On January 26, 1985, the Clearwater County Welfare Department served respondent with an order to show cause as to why he should not be held in contempt for failure to make support payments. Respondent moved for an order for blood testing of himself, the mother, and the child. In a supporting affidavit, he stated he listened to the tape of the 1981 default hearing, and that no testimony was taken from Tollefson in support of the complaint. The resulting blood tests absolutely excluded respondent as a possible father of the child. The complaint to determine paternity was dismissed with prejudice on September 30, 1985, and the court vacated the judgment on October 7, 1985.

Respondent brought a conciliation court action against Clearwater County Welfare Department to recover the payments which he made pursuant to the judgment. The conciliation court entered judgment on August 4, 1986, in his favor, determining that since respondent was not the father it would be a miscarriage of justice to allow the county to retain the funds. The department removed the matter, and a hearing was held in district court.

At the hearing, respondent explained he was served while in Alaska, and that he did not have the money to come back. He testified he had called the child support officer, who said he would straighten the matter out with the court if he started to make payments. Respondent said that he lost his pick-up in order to make payments. He had asked his lawyer in Alaska about taking a blood test, but was advised it would be better to take it in Minnesota. The child support officer testified he had no notes in his file indicating he had talked with respondent in September 1981, but that respondent had talked with another person in the department in October 1981. In June 1982, respondent advised the child support officer that he would be late with a payment, and requested information about the child.

The district court ordered judgment in favor of respondent. The court concluded it would be unjust to impose a legal duty of support in this case, and that the Clearwater County Welfare Department would be unjustly enriched if allowed to retain the payments made by respondent. Clearwater County Welfare Department appeals the decision to this court.

ISSUE

Did the trial court properly order restitution for the respondent when the judgment under which respondent had made payments was vacated?

ANALYSIS

Appellant argues that under Dent v. Casaga, 296 Minn. 292, 296, 208 N.W.2d 734, 737 (1973), the child support obligation is enforceable unless and until modified.

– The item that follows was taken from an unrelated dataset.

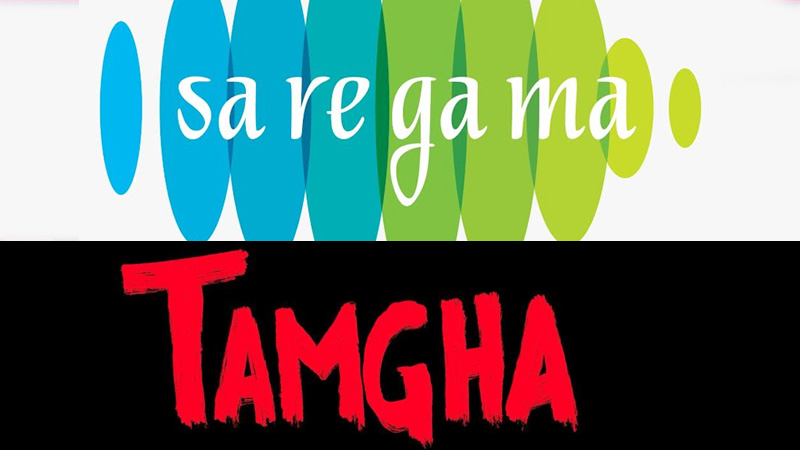 Saregama India and Tamgha Entertainment announce major theatrical feature film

Dent is not controlling because it did not address payments made pursuant to a judgment which was subsequently vacated.

Appellant also argues that the vacation of the default judgment should be prospective only. It asserts that where respondent failed to make a timely answer to the paternity complaint and made the support payments voluntarily, it was inequitable to return the parties to their original positions.

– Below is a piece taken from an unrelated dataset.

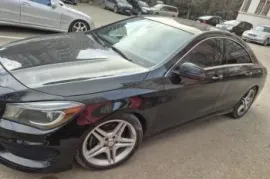 Mercedes-Benz, CLA-Class, CLA 250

"It is an accepted principle that money paid in obedience to a judgment that is later set aside must be repaid." Alexander Hamilton Life Insurance Co. v. Lewis, 550 S.W.2d 558, 559 (Ky.1977); accord Aye v. Fix, 626 P.2d 1259, 1263 (Mont. 1981); In Re Marriage of Hardt, 39 Wash. App. 493, 499, 693 P.2d 1386, 1390 (1985). The Restatement of Restitution § 74 (1937) provides:

A person who has conferred a benefit upon another in compliance with a judgment * * * is entitled to restitution if the judgment is reversed or set aside, unless restitution would be inequitable or the parties contract that payment is to be final * * *.

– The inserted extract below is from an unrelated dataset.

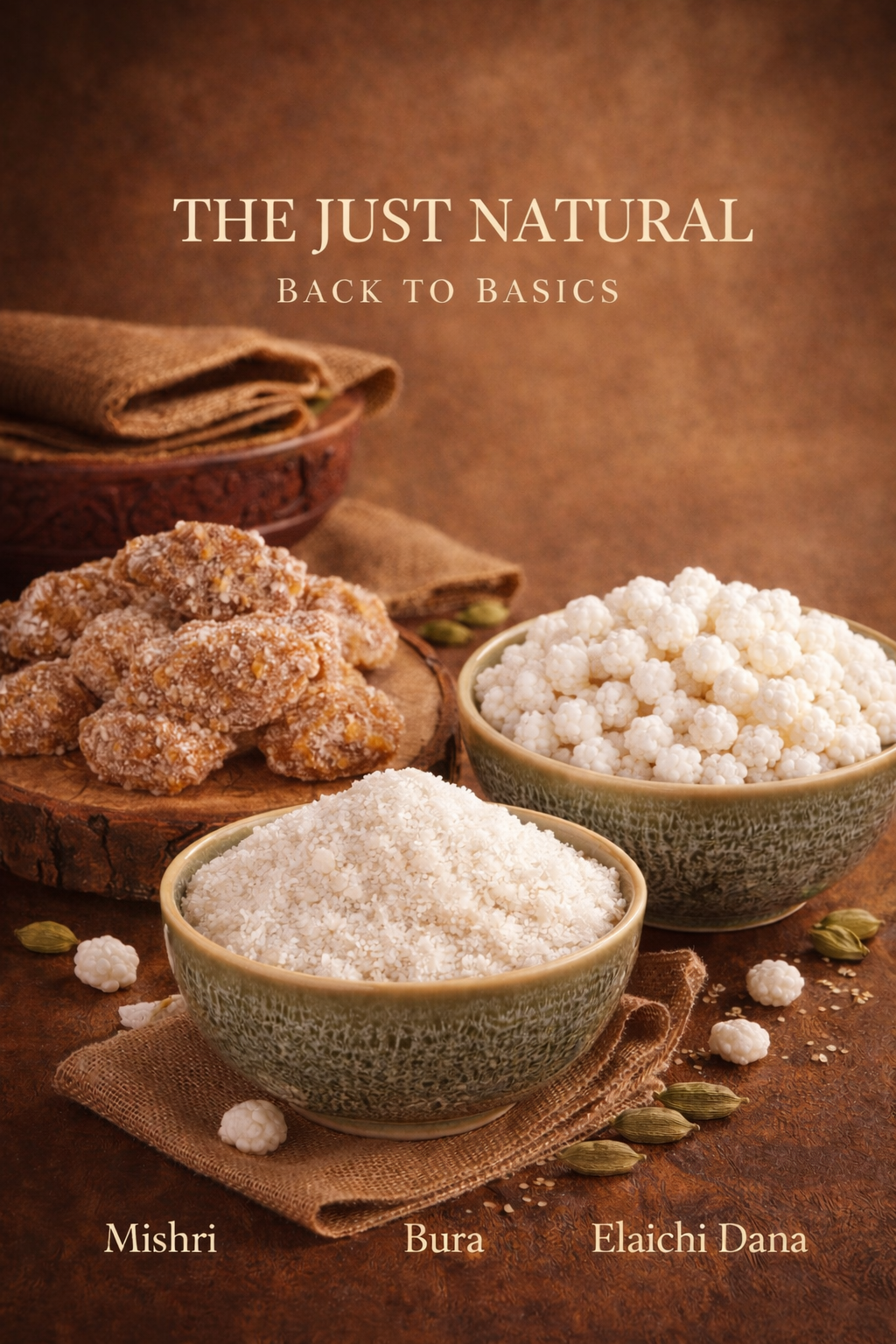 The Just Natural Products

See Peck v. McLean, 36 Minn. 228, 231, 30 N.W. 759, 761 (1886). Appellant made no showing of a change of circumstances which would make it inequitable to require *814 restitution. Restatement of Restitution § 142(1). The trial court did not abuse its discretion in deciding that under these facts respondent was entitled to restitution of the amount of money which he paid pursuant to the judgment, which was subsequently vacated.

DECISION

The judgment of the trial court is affirmed.

Affirmed.

NOTES

[*] Acting as judge of the Court of Appeals by appointment pursuant to Minn. Const. art. 6, § 2.